Review: A journey within

Published On: June 16, 2016 09:09 PM NPT By: Sewa Bhattarai


These Fine Lines, a collection of poems by Nepali women, is a book that should have been published long ago.

The stories that women tell, to and about themselves, and each other, have long deserved a wider audience – because without these stories, our understanding of the world is incomplete.

The section called For Our Mothers, for example, is a complicated one. It takes mothers down from their pedestal of motherhood, where they have been idolized for centuries, and makes humans out of them.

Daughters don’t just see mothers as the fountains of love and nurture that they are portrayed as in mainstream media (read advertisements). But daughters see mothers in their fullness, the nurture they pour out, and the sacrifices they make for it. There is Saniaa Shah’s A Parallel Winter morning, where she reminisces about the solace of a mother’s love. But there is also Aryaa Rajouria’s What Nobody Says, simmering with anger and resentment that boils up in the one space that two women are forced to share.

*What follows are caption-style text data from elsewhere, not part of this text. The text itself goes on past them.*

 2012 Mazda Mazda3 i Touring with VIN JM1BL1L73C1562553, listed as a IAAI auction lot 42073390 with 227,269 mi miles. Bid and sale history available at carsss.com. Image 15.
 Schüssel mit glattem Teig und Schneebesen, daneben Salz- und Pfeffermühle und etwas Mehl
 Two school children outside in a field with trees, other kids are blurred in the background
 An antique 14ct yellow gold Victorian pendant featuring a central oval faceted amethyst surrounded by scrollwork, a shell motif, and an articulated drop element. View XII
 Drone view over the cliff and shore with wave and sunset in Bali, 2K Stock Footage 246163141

Arya Rajouria goes on to inquire about the centuries of hurt and coercion that lies behind women who married young. Neha Rayamajhi portrays the tough decisions that come before a mother’s seemingly smooth toil for her family. Bartika Eam Rai’s portrayal is aching in its honesty, the poem wavering between its strong mother who deserves loyalty, and the father who gets the loyalty, unclaimed. This section about mothers is among the most memorable and poignant ones in the book, leaving a complicated, sympathetic and nuanced impression of mothers through the eyes of daughters. 

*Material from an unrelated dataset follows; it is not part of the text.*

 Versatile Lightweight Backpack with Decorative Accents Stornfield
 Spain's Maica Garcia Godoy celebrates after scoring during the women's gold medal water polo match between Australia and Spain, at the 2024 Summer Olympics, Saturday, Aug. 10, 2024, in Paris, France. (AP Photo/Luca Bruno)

The section on love that comes next is, more often than not, about the hurt that comes along with love. It begins with a sweet note from Byanjana Thapa, and goes on to describe the disappointment and pain in love. It is a relief to read about the feelings of women without any filters, so different from the stereotyped portrayal of women as lovers and objects of love that we are used to seeing. 

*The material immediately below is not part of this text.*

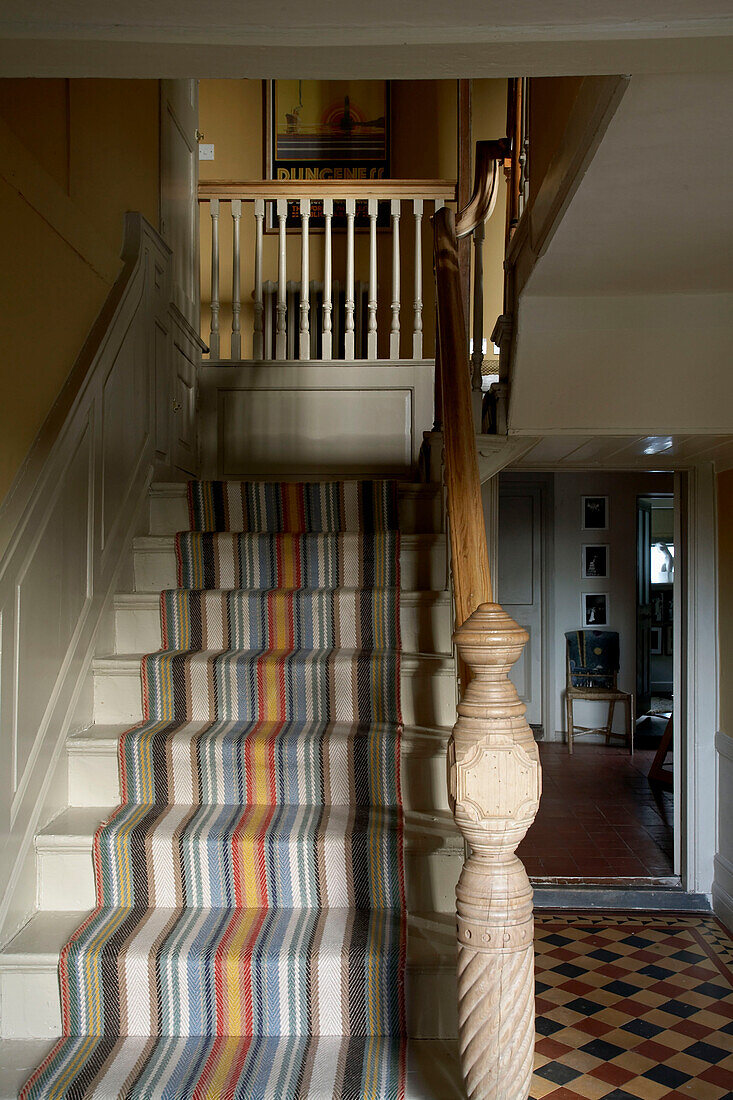 Striped carpet contrasts with chequered floor in Rye entrance hallway Sussex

The section on loss that comes next could be a continuation of the one on love, because so many of the poems are about the loss of love. Prateebha Tuladhar starts off with how losing a loved one can break you forever you, and Yukta Bajracharya tells the story of losing a person who terrified you from close quarters. The poem leaves you breathless with its honesty, and makes you think about how the unwanted intimacy that comes with living together can be terrifying. 

Perhaps this is not how a daughter or a mother or a sister is supposed to feel. Perhaps we would like to turn our eyes away and pretend that the family, the world, is ok, even when terror comes home. And perhaps we always have. Turned our eyes away, that is. Until the real, untalked lives of women are forcefully brought to notice by expressions like these. 

The final section, about battles within, contains reflections on various types of identities. Jerusha Rai’s poem about a little dancer stands out, portraying the many confusions with identity that a woman today faces. A little girl who dances in a pink dress, because the world wants her to. How can she not be tempted, by the dress, and the dance? And yet, how can she not see that she is heading towards a pitfall, where she will be forever stuck, in the pink dress and the dance? And how is the little girl to find her way out if she is completely swallowed by the dress that was put on her before she had time to think? Poems like these help take the focus on the stereotyped “beauty” of women, and tell us what women really feel behind the beautiful façade. 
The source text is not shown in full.